Moreover, the ‘Google judgment’1 has a significant impact on the operation of the internet. The judgement affects internet operators in the way they control personal data and it has also a direct impact, to the extent of data accessibility by internet users with regards to specific individuals. The Court concluded that, the activity of search engine in finding information published or placed in the internet by other web pages, indexing it automatically, storing it temporarily and making it available to internet users must be classified as ‘processing of personal data’.
Furthermore, the judgement stated that an individual whose personal data has been processed may ask the controller to erase or block any data processed and which does not comply with the provisions of Directive 95/46/EC (hereinafter referred to as the «DPD»).

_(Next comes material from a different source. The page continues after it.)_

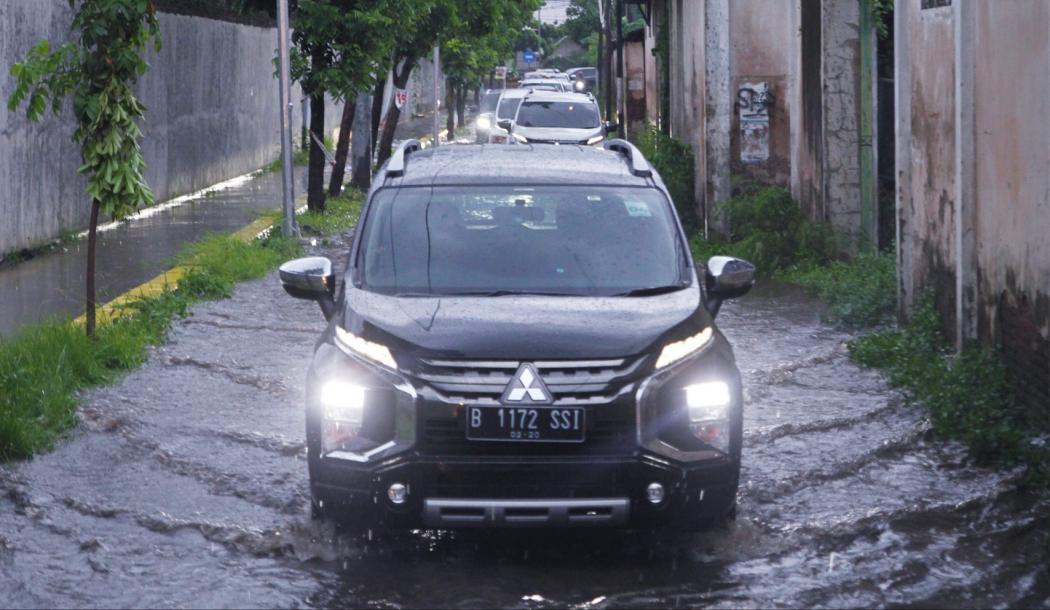 5 Hal Penting Harus Diperhatikan Pengemudi Mobil saat Menerobos Banjir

However, the Directive permits member states to allow for the absolutely necessary exceptions on these basic rules, in order to reconcile the right to privacy with the freedom of expression and, particularly, with journalistic, artistic, or literary expression. With regards to the ‘controller’ liability, the CJEU explicitly put fundamental rights and particularly rights relating to privacy on the agenda.
The Google judgment raises many critiques concerning human rights. One opinion argues that the judgement fails to balance the right to be forgotten with the protection of other fundamental rights and, particularly, freedom of expression and freedom of the press, as well as for the responsibilities of private Internet operators beyond Google, who actually carry out the same activities. Another criticism of the judgment concerns its consistency with the ECHR, to which the EU is soon to accede. It is been argued that the CJEU’s reluctance to refer to the ECHR and to the Strasbourg Court’s case law is particularly problematic, both in light of the EU’s pending accession and, more broadly, because it risks upsetting the sensitive constitutional balance struck in the European fundamental rights landscape to date, in which the European Convention has played a crucial part.
On the other hand, the exponential growth of the material available on the Internet and the expansion of search engines are relatively new phenomena that could not, at the time of the Directive’s enactment, have been foreseen. The Court further highlights the significance of the fundamental rights argument in its ruling. Despite the absence of specific legislation regulating the flow of information, the Court was not faced with an absence of relevant rules altogether. The constitutional status of the provisions enshrined in the Charter allowed the Court to take them into account in its judgment, because the higher normative validity of these rights affects the interpretation of all other legislation.
In Article 17, the Commission Proposal introduced a new right – the right to be forgotten and to erasure. The right has been one of the most controversial changes raising much debate about what exactly the ‘forgetting’ means, the potential conflict with freedoms of expression, information and to conduct business, and what it would entail for the data controllers. Despite the controversy, the right made it to the European Parliament (hereinafter referred to as ‘EP’) first reading, with wider scope and stronger implementation tools, albeit with the title changed to the ‘right to erasure’.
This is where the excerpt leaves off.